Steroid metabolism in target tissues has relevance in assessing biological response. We have investigated the metabolism of testosterone and estrogens in the reproductive tract and accessory sex glands in the boar. Seminal vesicles were taken from four 6-mo-old animals; and seminal vesicles, prostate, vas deferens, and regions of the epididymis were taken from two mature boars (10 and 24 mo old). Tissues were incubated in 5 ml medium (TC-199) at 34 degrees C under 5% CO(2) and 95% air for 2 h with (3)H-labeled testosterone, estrone, and estradiol-17beta. Aliquots of spent media were taken to measure radioactivity before separation of unconjugated and conjugated steroids on Waters C(18) Sep-Pak cartridges.

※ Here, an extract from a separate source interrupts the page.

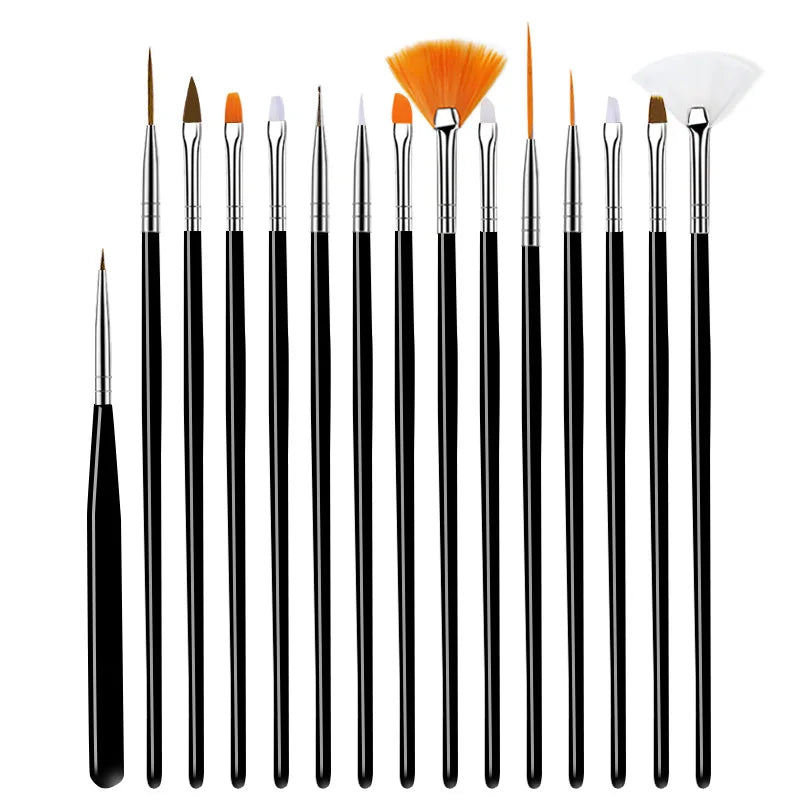 Nails Things Brushes For Manicure Set Nails Art Accessories Tools Kits Nail Supplies For Professionals Manicure Set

Sulfoconjugated steroids and glucuronidates were recovered in series from C(18) cartridges after solvolysis and enzyme hydrolysis, respectively. Profiles of metabolites for free and hydrolyzed fractions were obtained from gradient HPLC with acetonitrile:water on a reversed-phase C(18) column. No clear evidence of conjugation was seen for testosterone metabolites. 5alpha-Dihydrotestosterone was the principal metabolite, but the amounts formed depended on the source, with little from the epididymal tissues and seminal vesicles, but greater quantities from the vas deferens (>25%) and prostate (>30%). The most noteworthy feature of estrogen metabolism was the extent of conjugation by all tissues. Almost all radioactivity in the conjugate fractions for the epididymis and vas was present as sulfates. Glucuronidates were seen for the prostate and were the dominant form of conjugation (about 60%) for the seminal vesicles. A striking parallel existed for the profiles of estrogen metabolites from all tissues for unconjugated and hydrolyzed fractions. Only in quantitative terms were some distinctions noted. These overall findings underscore a need to consider local metabolism of steroid hormones in target tissues of the male reproductive system.

Isolation of 11 beta-hydroxylated androgens from testicular vein blood of the mature boar.

The isolation of 11 beta-hydroxyandrostenedione and 11 beta-hydroxytestosterone from testicular vein blood of the mature male domestic pig is described. Blood was collected from veins and arteries on the surface of the testes of mature boars. Steroids were extracted from plasma with SEP-PAK C18 cartridges and recovered with acetonitrile. A separation of steroids was made by high performance liquid chromatography (HPLC) using acetonitrile/water (37/63; v/v), and fractions were collected manually with detection at 254 nm. Preliminary identification was based on comparison with the HPLC retention time of an authentic steroid standard. Final characterization was achieved by means of capillary gas chromatography-mass spectrometry (GC-MS). The findings record the first evidence for the secretion of C19-11-hydroxylated steroids by normal testes in a mammalian species.